We are looking for an Engineer to build the training infrastructure, data pipelines, and inference optimization systems for state-of-the-art Diffusion Transformer (DiT) models. This role focuses on scaling the fine-tuning and deployment of models like Qwen, Wan, and LTX-2.
Key Responsibilities
- Training Infrastructure: Design and maintain scalable pipelines for training and fine-tuning Diffusion Transformer models on large-scale GPU clusters.
- Model Optimization: Optimize the inference performance of Wan, LTX-2, and Qwen (Vision) using quantization, pruning, and hardware-aware tuning (e.g., TensorRT, FlashAttention).
- Data Engineering: Develop efficient ingestion and preprocessing pipelines for high-resolution image and video datasets used in generative tasks.
- Capability Expansion: Implement engineering workflows that allow researchers to rapidly fine-tune and expand the capabilities of open-weights diffusion models.
- Production Deployment: Transition experimental fine-tuned models into reliable, low-latency production services.
- Resource Management: optimize distributed training jobs (FSDP, DeepSpeed) to maximize GPU utilization and minimize costs.
Required Qualifications
- Min 2 years of experience in Machine Learning Engineering with a focus on generative models.
- Core Tech: Strong proficiency in PyTorch, JAX, and distributed training frameworks.
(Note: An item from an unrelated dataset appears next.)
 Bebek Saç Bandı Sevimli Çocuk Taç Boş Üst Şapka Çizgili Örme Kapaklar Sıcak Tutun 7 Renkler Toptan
- Model Expertise: Hands-on experience deploying or fine-tuning Diffusion Transformers (DiT) and specifically Qwen (Image), Wan, or LTX-2.
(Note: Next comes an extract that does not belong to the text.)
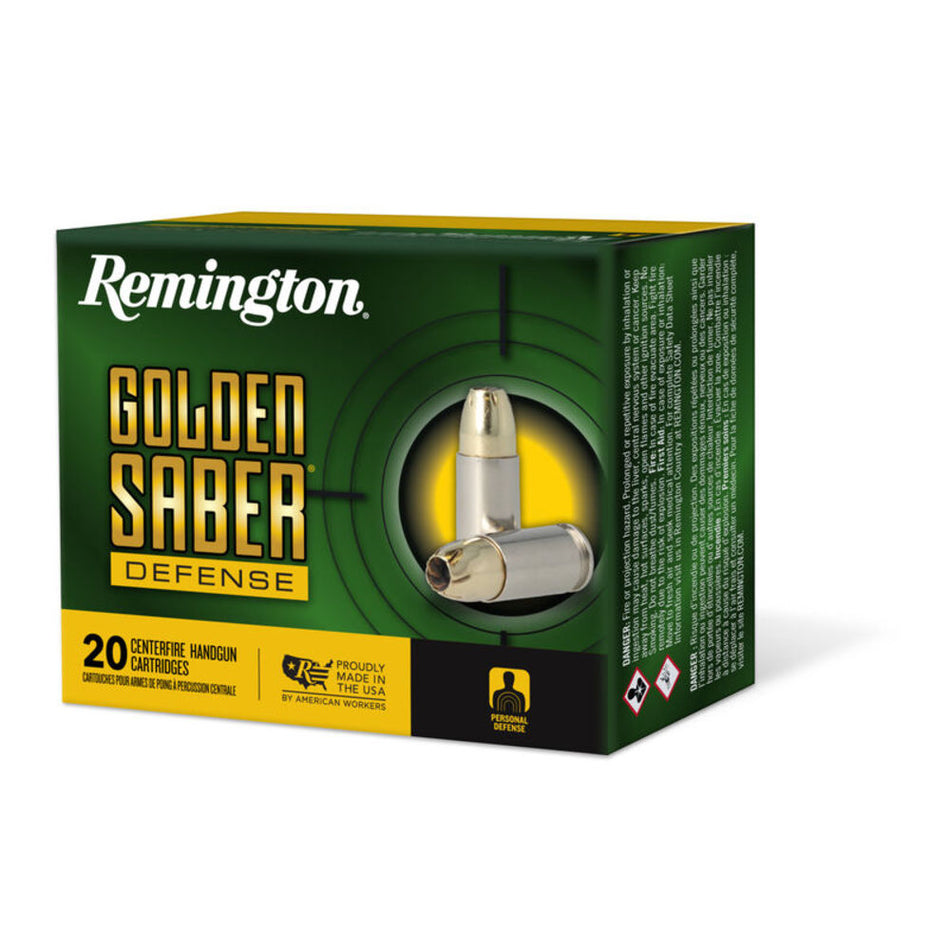 Remington 9mm Luger / Parabellum Golden Saber Defense +P 124gr JHP Ammo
- Architecture: Deep understanding of Transformer-based diffusion backbones and flow matching (removing legacy reliance on CNNs/RNNs).
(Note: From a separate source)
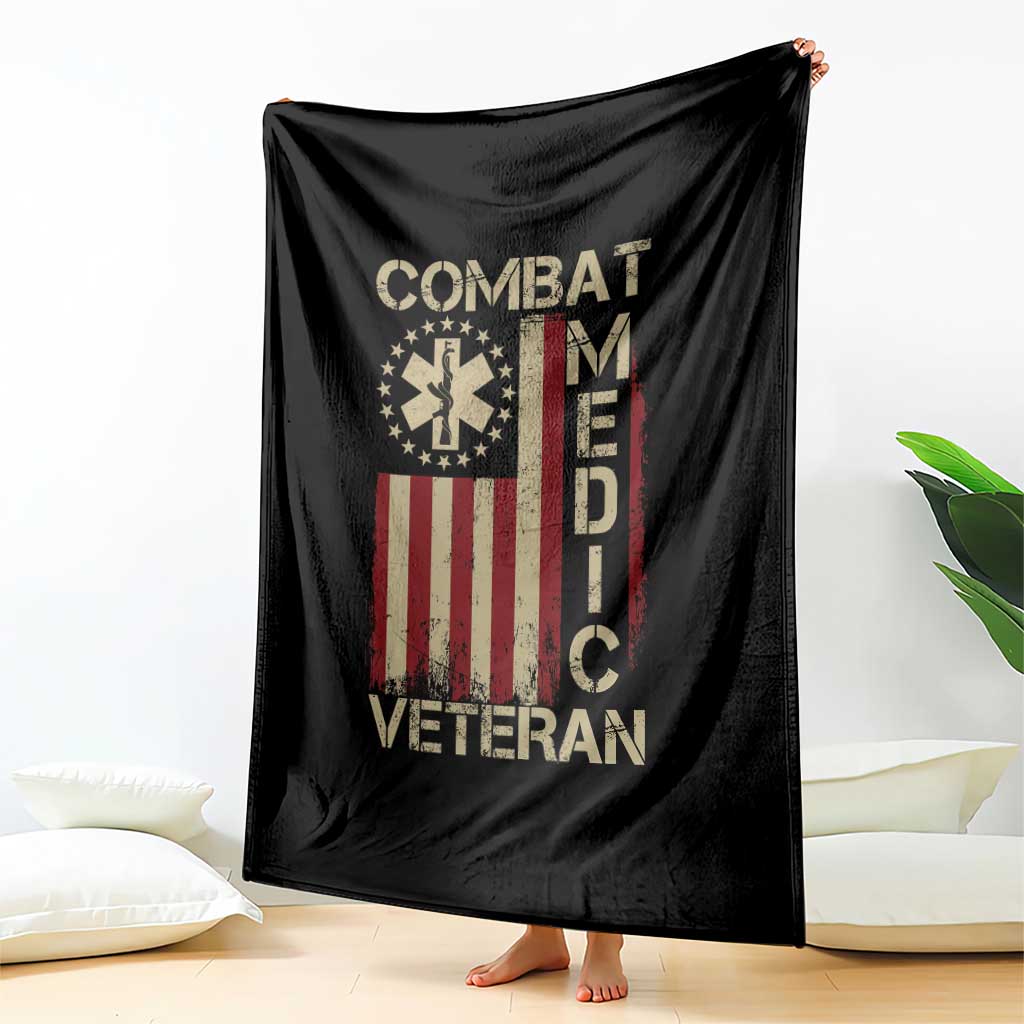Combat Medic Veteran Throw Blanket Medical Military Vintage American Flag TS11 Print Your Wear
- Tooling: Proficiency in Python and modern ML ecosystem tools (e.g., Hugging Face, Diffusers, FFmpeg for video processing).
- Compute: Experience debugging and optimizing workloads in multi-node GPU environments.
Preferred Qualifications
- Inference Optimization: Experience with techniques like KV-caching, compile-time optimizations, or kernel fusion for transformers.
- MLOps: Familiarity with experiment tracking (W&B) and model versioning tools in a generative media context.
- Streaming: Experience handling real-time video generation or streaming inference pipelines.
- Open Source: Contributions to libraries like
diffusers or active experimentation with the latest open-source DiT implementations.